Records supplied:

= = =

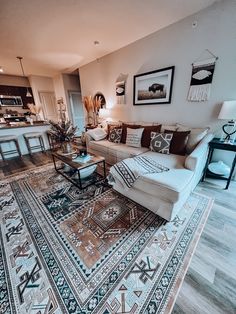 a living room filled with furniture and rugs on top of a hard wood floor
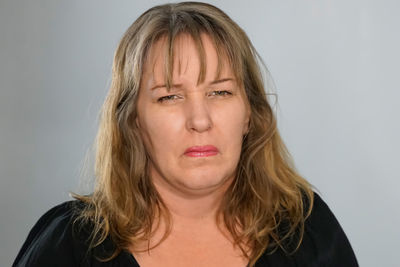 Portrait of woman making a face against gray background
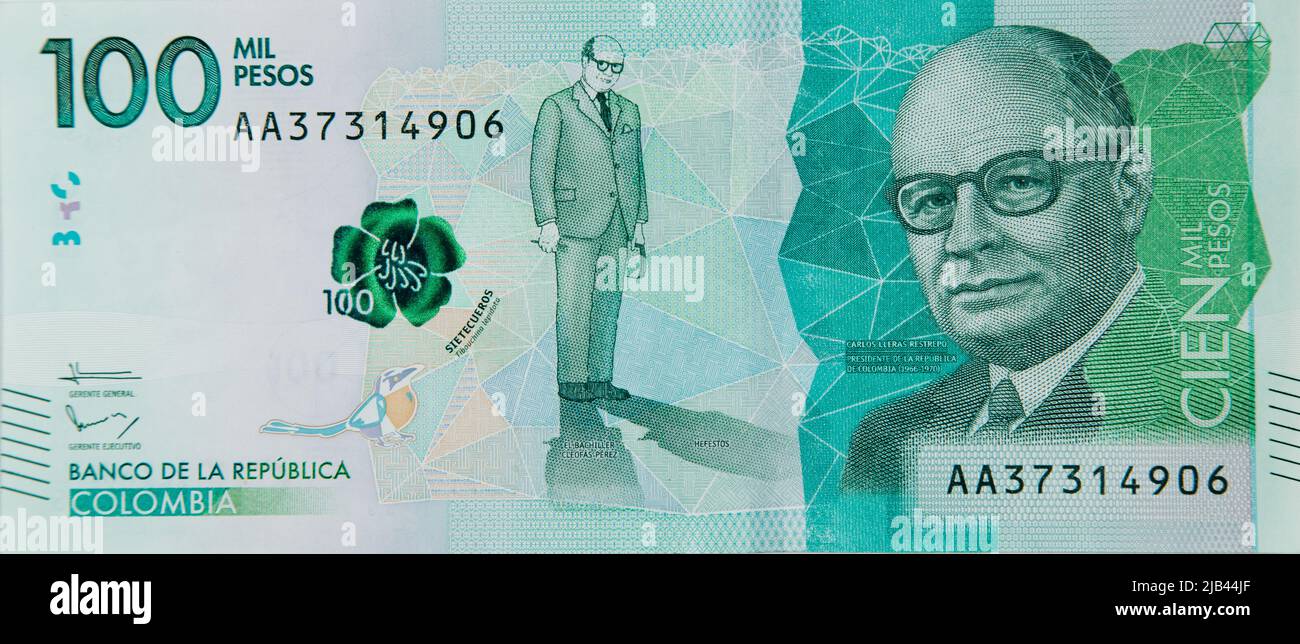 Colombian Money One Hundred Thousand Pesos On White Background Stock colombian-money-one-hundred-thousand-pesos-on-white-background-stock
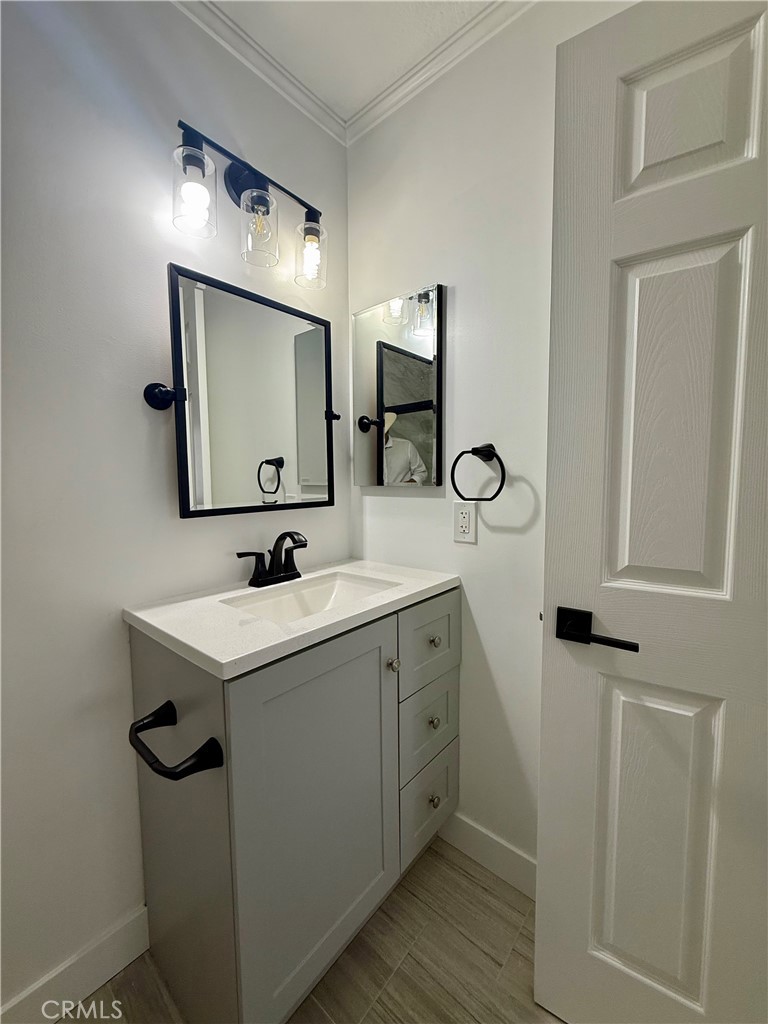 7815 Howe Street, Unit B Paramount, CA 90723 - Photo 18 of 20 a bathroom with a double vanity sink mirror and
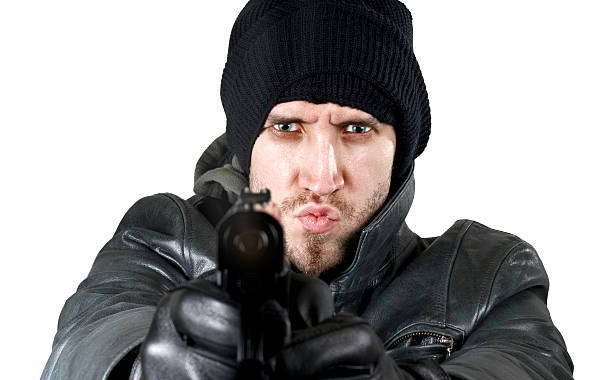 istock Undercover agent firing gun in the camera 92402756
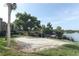 Sandy volleyball court near a lake and an area for kayak storage at 626 Orange Dr # 242, Altamonte Springs, FL 32701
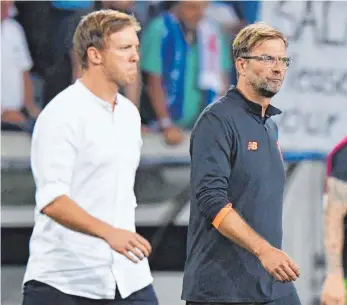  ?? FOTO: DPA ?? Für Julian Nagelsmann (li.) und Jürgen Klopp geht es auch um Geld und die Zukunft ihres Kaders.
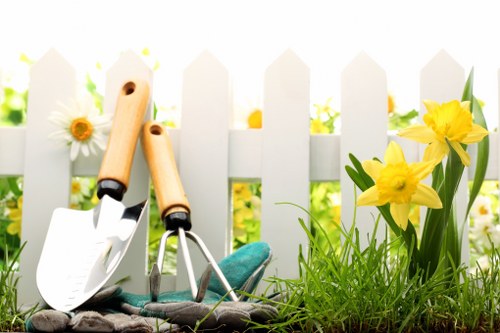Front view of a gardener inspecting a residential garden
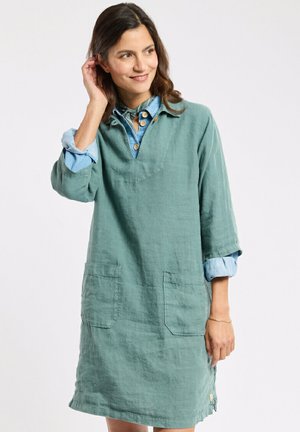 Femme portant une robe en lin à manches longues couleur sarcelle par-dessus une chemise bleue retroussée, souriante et se touchant les cheveux devant un fond clair uni.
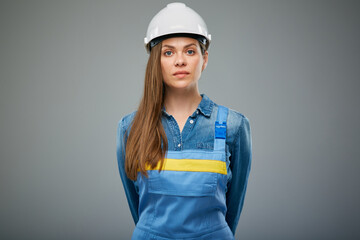 Wall Mural - Serious woman architect or engineer in white safety helmet. Isolated female portrait.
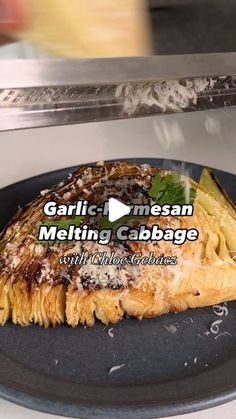 a close up of a plate of food on a microwave with the words garlic and mezzan melting cabbage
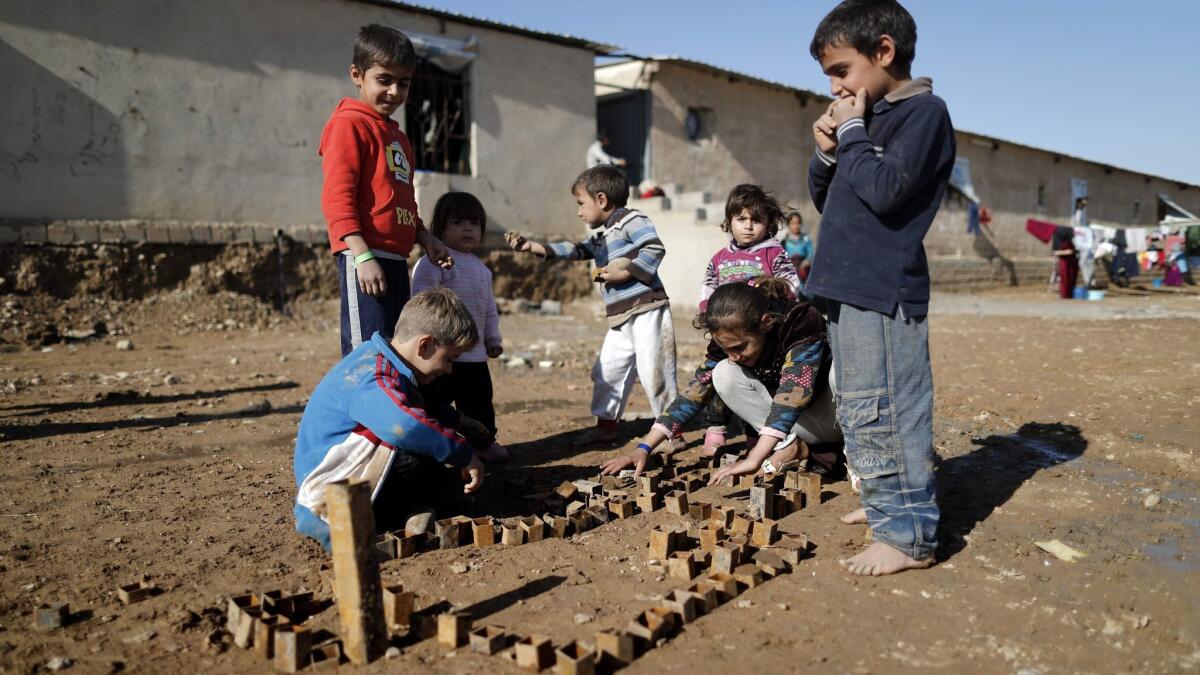 Displaced Iraqi children, who fled the violence in the northern city of Mosul play on Dec. 3, 2016, at the Hasan Sham refugee camp in Iraq.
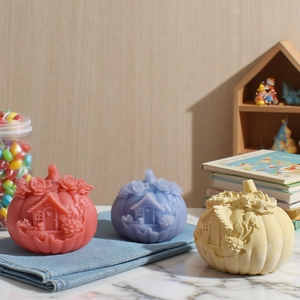 Detailed relief patterns on three colorful pumpkin-shaped candles on a marble table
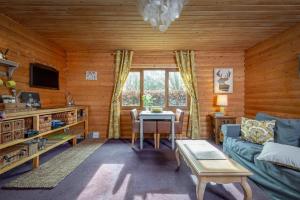 a living room with a couch and a table at Redlands Country Lodge in Ladybank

= = =

Instructions for the task:
Once the line containing "a close up of" is found in the records above, it and every line after it up to the last must be repeated exactly, without pictures.

Response to the task:
 a close up of a plate of food on a microwave with the words garlic and mezzan melting cabbage
 Displaced Iraqi children, who fled the violence in the northern city of Mosul play on Dec. 3, 2016, at the Hasan Sham refugee camp in Iraq.
 Detailed relief patterns on three colorful pumpkin-shaped candles on a marble table
 a living room with a couch and a table at Redlands Country Lodge in Ladybank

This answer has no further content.